Performance PERF · 06 · 06

Backpressure, failure isolation, and batch security in production

Poison messages, partial-batch failure, bounded queues (block/drop/spill), compression bombs, adaptive windowing — the operational edge cases that crash batched systems.

PERF Senior ◷ 18 min

Level

FoundationsJuniorMiddleSenior

Your Kafka consumer batches 500 messages per poll. One has a corrupt header. The deserializer throws. Without isolation, you’ve just lost — or replayed — 499 good messages with it. Batching multiplies every failure by the batch size, and the same multiplier is what an attacker reaches for. This is the lesson the throughput tutorials skip.

Lessons 01–05 covered the upside: amortize fixed cost, tune the window, hit the Pareto knee. This is the capstone, and it covers the downside — the operational edge cases that turn a throughput win into a 3 AM page.

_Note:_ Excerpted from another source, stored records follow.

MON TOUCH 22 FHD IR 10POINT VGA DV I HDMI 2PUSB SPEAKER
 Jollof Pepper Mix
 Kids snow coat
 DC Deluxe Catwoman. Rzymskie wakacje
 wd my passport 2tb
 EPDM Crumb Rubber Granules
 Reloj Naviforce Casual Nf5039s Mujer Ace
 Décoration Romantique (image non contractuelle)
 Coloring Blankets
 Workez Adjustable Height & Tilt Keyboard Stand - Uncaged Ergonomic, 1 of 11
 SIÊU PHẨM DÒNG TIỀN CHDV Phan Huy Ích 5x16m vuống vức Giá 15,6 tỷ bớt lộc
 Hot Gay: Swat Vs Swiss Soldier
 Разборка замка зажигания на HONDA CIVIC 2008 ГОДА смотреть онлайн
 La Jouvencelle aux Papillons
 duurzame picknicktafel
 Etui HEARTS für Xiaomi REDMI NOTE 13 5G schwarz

Every property that makes batching efficient (atomic consume, shared compression, one queue, one window) becomes a failure multiplier the moment something goes wrong. A senior who has run a batched pipeline in production thinks about these four things before the happy path is even merged.

Failure isolation: the poison-message problem

A batch is consumed atomically: you poll() 500 records, process them, then commit one offset. So if processing throws on item 47, what happens to items 1–46 and 48–500? The naive answers are all traps.

Retry the whole batch. Item 47 is still poison, so it throws again. The consumer never advances its offset. You have an infinite loop, consumer lag climbs without bound, and the partition is frozen behind one bad record. This is the classic poison-message stall — the kind that pages you because dashboards show “lag: 4.2M and rising” while the consumer looks healthy.
Skip the batch on error. You advance past all 500, losing 499 good messages to discard one bad one. For payments or orders that is data loss; for an audit log it can be a compliance incident.
Split-and-retry (bisect). On failure, halve the batch and retry each half. The failing half fails again — bisect only that half. Recurse until the batch is a single record, dead-letter that one, and commit the rest. You pay O(log N) extra requests to isolate one poison item out of N. For a 500-batch that is ~9 retries, not 500.

The cloud primitive for this is AWS Lambda’s BisectBatchOnFunctionError for Kinesis and DynamoDB Streams event sources: on a function error Lambda splits the batch in two and retries each half independently, narrowing to the offending record. Pair it with ReportBatchItemFailures, where the function returns the sequence number of the first failure so Lambda only retries from that point forward instead of re-running the whole window.

Each bisection throws away half the suspect window, so isolating one poison item out of 500 costs O(log N) ≈ 9 retries — not 500. The same N that amplifies the failure is what makes the search cheap.

None of this is complete without the back stop: a dead-letter queue (DLQ) plus a re-drive job. Records that fail past maximumRetryAttempts land in the DLQ (an SQS queue or a Kafka DLQ topic) with the original payload and error context. An operator inspects them out of band, fixes the schema or the bug, and re-drives the DLQ back into the main stream. A pipeline without a DLQ does not have failure isolation — it has a place where messages silently die.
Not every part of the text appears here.